Marine biologists off the coast of Kep are giving seahorses fluorescent “tattoos” in hopes of tracking their numbers and curbing illegal fishing.
Of the 48 species of seahorses around the globe, seven have been spotted in Cambodian waters, but little is known about the animal’s local demographics.
“There are lots of questions that we’re still trying to find the answers on with seahorses,” explained Lindsay Aylesworth, 31, a graduate student at the University of British Columbia and lead researcher behind the project.
“Information about where they live, what their population sizes are like, all the different habitats they can live in.

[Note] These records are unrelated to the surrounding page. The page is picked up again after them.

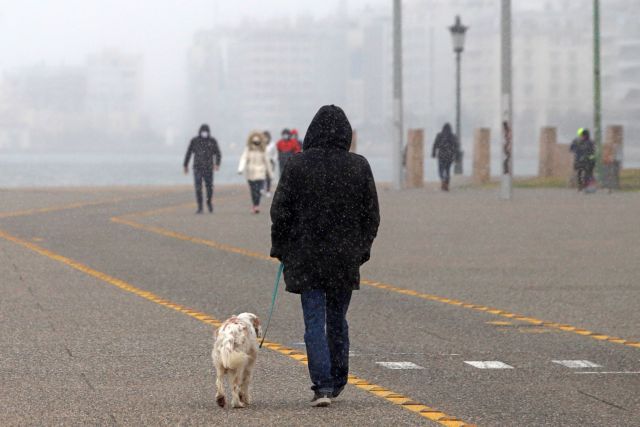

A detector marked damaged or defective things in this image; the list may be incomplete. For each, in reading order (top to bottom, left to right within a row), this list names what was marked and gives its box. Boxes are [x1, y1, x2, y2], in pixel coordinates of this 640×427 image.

pavement crack [79, 372, 95, 392]
pavement crack [576, 390, 628, 412]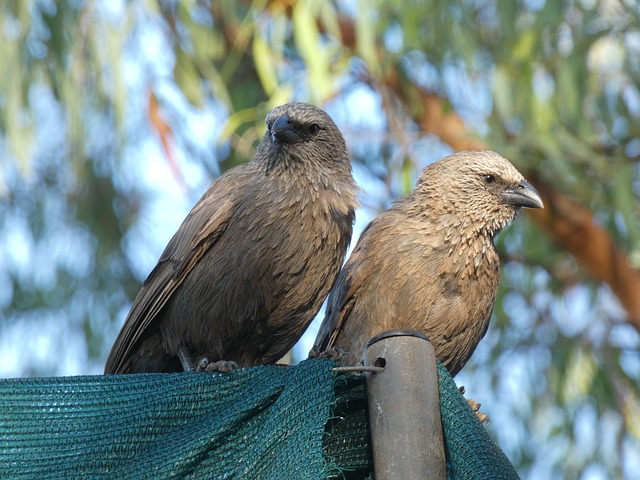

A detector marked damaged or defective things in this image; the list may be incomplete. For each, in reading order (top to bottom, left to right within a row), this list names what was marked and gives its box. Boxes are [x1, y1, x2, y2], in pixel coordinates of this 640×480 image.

rusty metal post [362, 330, 448, 480]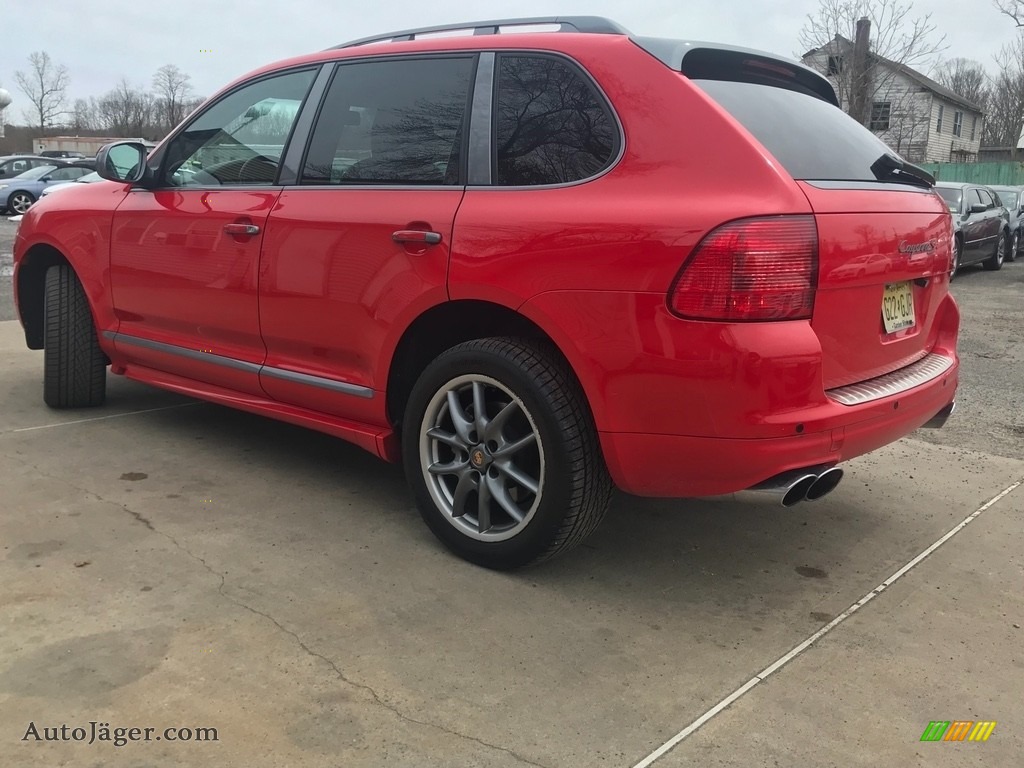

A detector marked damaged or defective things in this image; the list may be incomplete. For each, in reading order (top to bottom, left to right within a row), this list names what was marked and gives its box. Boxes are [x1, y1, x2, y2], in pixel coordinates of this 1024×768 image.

crack in concrete [18, 462, 552, 768]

Some of those basic questions about where you find them and how long they live . . . we’re still looking to address those basic questions.”
Seahorses are listed on the Convention on International Trade in Endangered Species, the same international treaty that regulates the trade in elephant tusks and rhino horns, with the main threats being environmental degradation and overfishing.

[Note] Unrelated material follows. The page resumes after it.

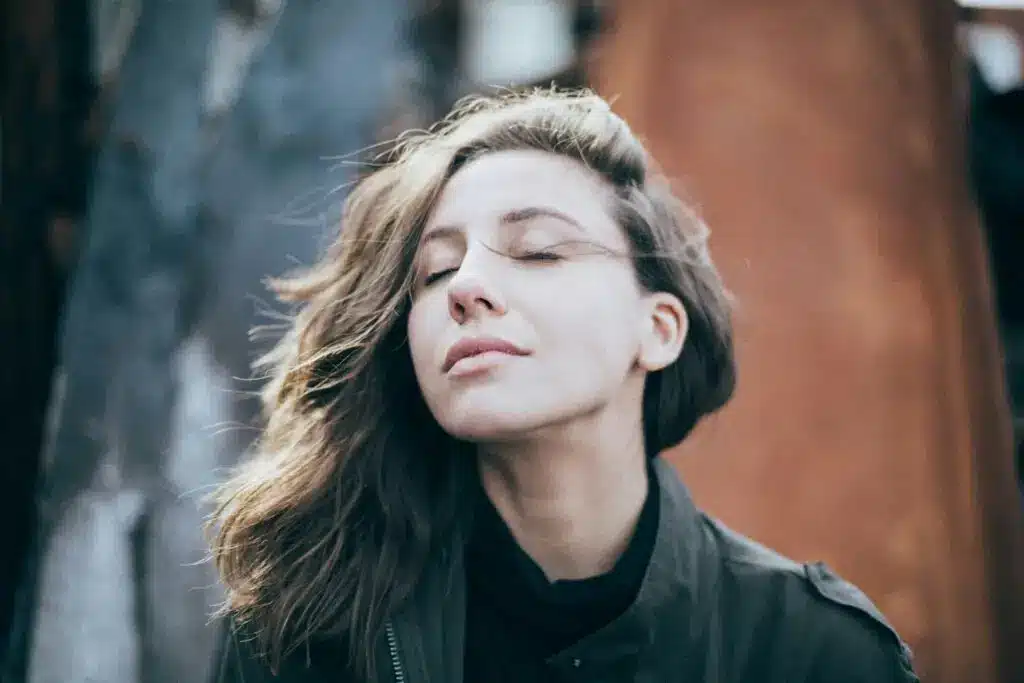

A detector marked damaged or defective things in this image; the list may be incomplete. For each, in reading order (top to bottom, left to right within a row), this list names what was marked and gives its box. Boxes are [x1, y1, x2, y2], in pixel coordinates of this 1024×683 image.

The marine animals are much sought after in Taiwan, Hong Kong and China, where dried specimens are used in traditional Chinese medicine.
Seahorses could be harvested and sold sustainably, said Aylesworth, but catches must be regulated so that fishing does not seriously harm population sizes.
To deduce those population sizes in the Gulf of Thailand, the new project, a joint effort between the Canada-based Project Seahorse and Marine Conservation Cambodia (MCC), a conservation group based on the island of Koh Seh near Vietnam, has divers using tiny needles to inject seahorses with a special dye, known as visible implant fluorescent elastomer or VIFE, visible only under a black light.
“It’s almost like giving the seahorse a tattoo,” said Aylesworth.
Divers would return to the sites and use a black light to find the tagged seahorses.
Coupled with other observations of the tagged animal and its surrounding environment, marine biologists could then work out population sizes, reproductive habits and survival rates.
According to MCC’s British founder, Paul Ferber, VIFE tagging could also help identify the origin of seahorses found in trawlers’ bycatch and determine if fishermen were trawling in protected areas.
There was even the possibility that the ink might show up in dried seahorses sold in CTM markets, data that would give researchers important insights into where fishermen were harvesting seahorses.
The tagging project is being run from the island of Koh Seh, which was granted to MCC by the provincial government for research purposes last year.
Along with their fieldwork projects, the group also conducts regular nighttime patrols in conjunction with the Fisheries Administration for illegal trawling vessels whose activities have destroyed seagrass beds and coral reefs throughout the gulf While VIFE tagging had been used in other parts of the world to track seahorses, this was the first time it has been used in Cambodia, Aylesworth added.
“Doing this sort of tagging study will be able to help us answer some of those questions to better understand the local populations, not only here in Kep and Cambodia but throughout Southeast Asia,” she said.